When you look at any long-term real estate graphs for the Lower Mainland, real estate has consistently proven to be an appreciating investment.
There are however, a few dips - in 1982, 2001, and more immediately apparent to consumers and REALTORS® - the past few months.
Last month, 1,568 homes changed hands in the Real Estate Board of Greater Vancouver area, a decline of 53.5 per cent from 3,384 sales in August 2007. In the Fraser Valley, 910 homes changed hands in August, a decrease of 48 per cent compared to the 1,763 sales during the same month last year.
These significant decreases didn’t just materialize overnight. The slowdown in sales began in August of last year, coinciding with the sub-prime problem in the United States, followed by price instability in the fall of 2007 and then month-to-month price decreases in many areas started in earnest in the spring of 2008.
There are a number of reasons, but low consumer confidence – it’s at a seven-year low – is the main reason, according to Cameron Muir, BC Real Estate Association’s Chief Economist.
“Home buyers are cautious not just because of news reports about the market downturn, but because they’re seeing increases in staples such as oil and food prices. As a result, they’re not confident about the future and they’re evaluating their spending habits and their budgets.”
Muir explains that even a modest decline in the real estate market has a psychological effect on potential buyers.
“If the price of gas falls anywhere in the Lower Mainland, we see drivers lining up to buy more gas. If the next day, the price of gas again falls, we see even more drivers line up to buy, even if prices are expected to continue to decline.”
But with a house, it’s an entirely different psychology, says Muir. “A house is something we rarely buy, and right now we see there is a tendency to put off the buying decision until prices stop falling.”
Which leads to the question, when will that be? Will the market continue to pause, improve or worse, lead to another big housing recession like the one in the early 1980s when properties and fortunes were lost?
“The 1980s were a completely different situation,” assures Muir. “Interest rates rose as high as 21.75 per cent and unemployment reached 12 per cent.”

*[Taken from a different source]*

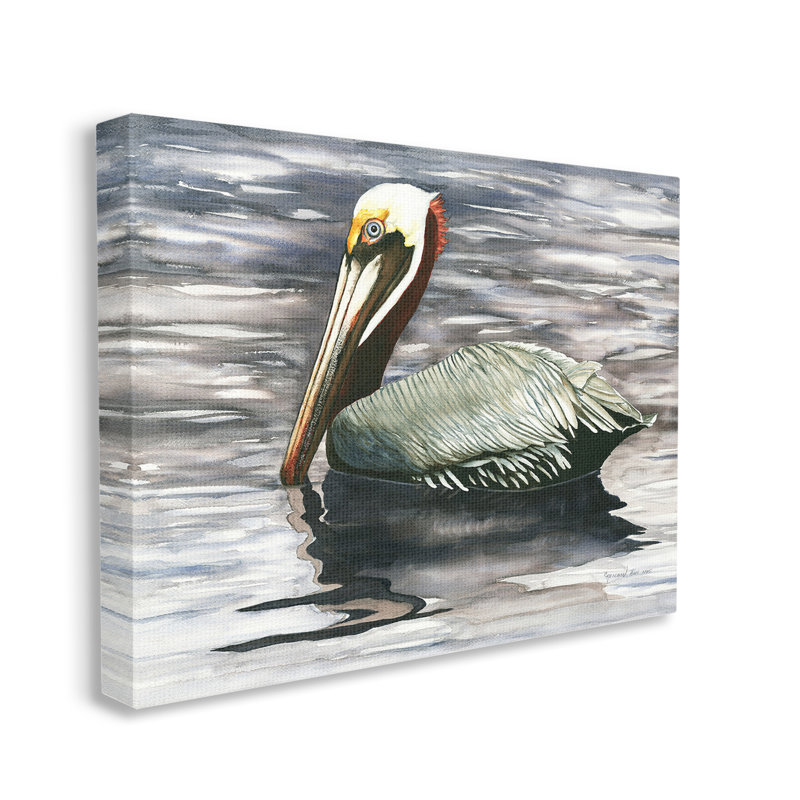 «Natation nautique», art mural sur toile de pélican par Christine Reichow, H 30 po x l 40 po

Helmut Pastrick, Chief Economist at Central 1 Credit Union agrees that our underlying fundamentals are strong. “Our economy is robust and our employment rate is stable, and we expect continued growth in immigration.”
While no one is forecasting an extended downturn, we are seeing every major country revising their economic forecasts downward. “Overshadowing our growth is the slowdown in the US,” affirms Andrew Ramlo, an economist at the Urban Futures Institute. For this reason, Pastrick projects home prices will likely continue to soften for the rest of 2008 and through 2009 in most of the Lower Mainland.
“An important statistic will be the supply of homes for sale. When this number begins to shrink, the bottom is near.”
Muir adds that a supply adjustment is just what the market needs. “This means fewer listings coming on and remaining, a process that will play out and is now underway.”
The Multiple Listing Service® for both Fraser Valley and Greater Vancouver saw a decline in the number of active listings from July to August 2008 – for Fraser Valley, it was the first decline in eight months. Muir says once we see selection tighten and prices start to increase, the fence sitters will make the decision to buy a home. “Even with a few years of flat home prices, the market will come back.
“Real estate has consistently proven to be an appreciating investment in the long term and this will continue.”